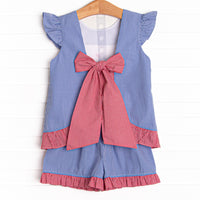 Freedom Flags Smocked Short Set, Blue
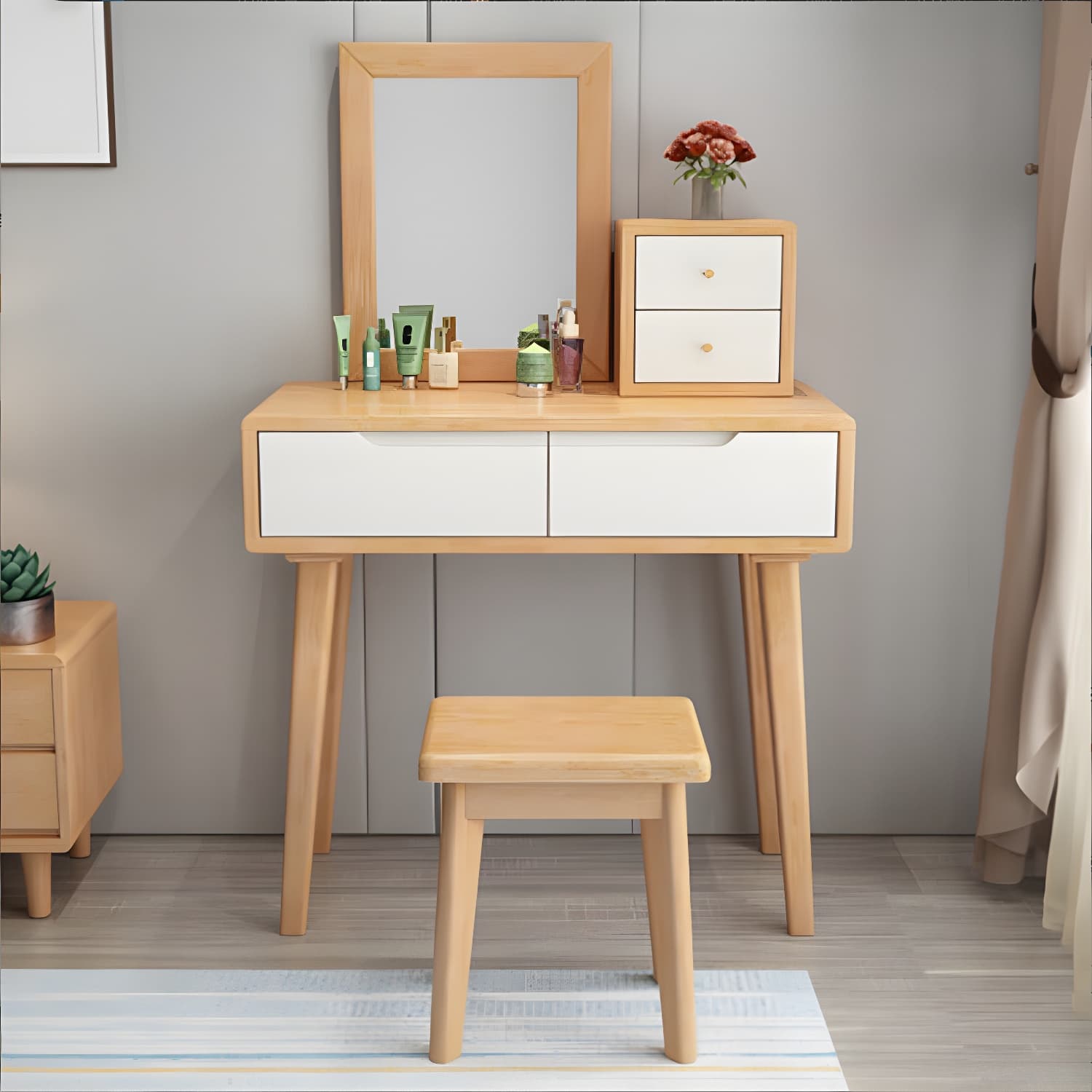 Traditions Make-up Vanity Solid Wood Bedroom With Drawer Dressing Table - image 5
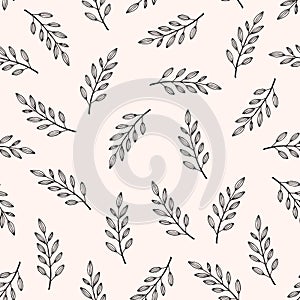 Abstract seamless hand drawn floral texture, leaves motive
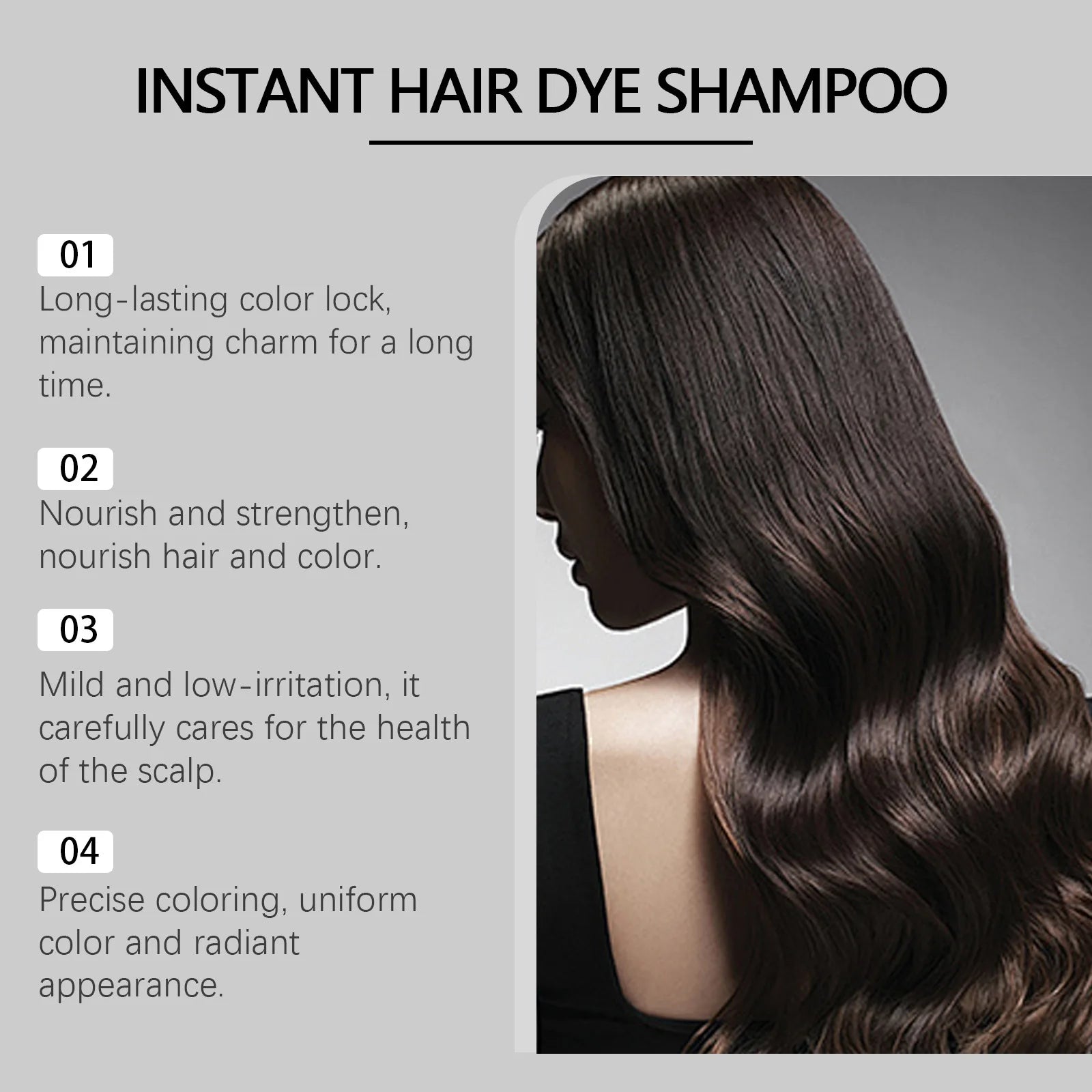 Polygonum Multiflorum Hair Dye Shampoo Herbal Nourish Repair Roots Boost Hair Vitality Repair Hair Damaged Instant Dye Shampoo Peaceful Pleasures Health and Wellness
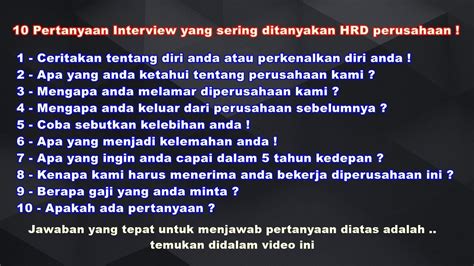 Cara Menjawab Pertanyaan Interview Yang Paling Sering Ditanyakan Pasti Diterima Tutorial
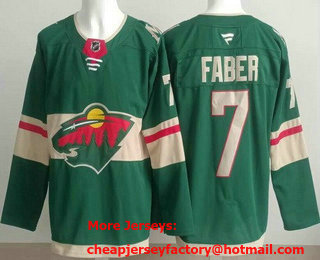 Men's Minnesota Wild #7 Brock Faber Fleury Green Authentic Jersey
- - -
### WORK INSTRUCTION
Repeat the data exactly as written, but without the pictures.

### RESPONSE AREA
 Freedom Flags Smocked Short Set, Blue
 Traditions Make-up Vanity Solid Wood Bedroom With Drawer Dressing Table - image 5
 Abstract seamless hand drawn floral texture, leaves motive
 Polygonum Multiflorum Hair Dye Shampoo Herbal Nourish Repair Roots Boost Hair Vitality Repair Hair Damaged Instant Dye Shampoo Peaceful Pleasures Health and Wellness
 Cara Menjawab Pertanyaan Interview Yang Paling Sering Ditanyakan Pasti Diterima Tutorial
 Men's Minnesota Wild #7 Brock Faber Fleury Green Authentic Jersey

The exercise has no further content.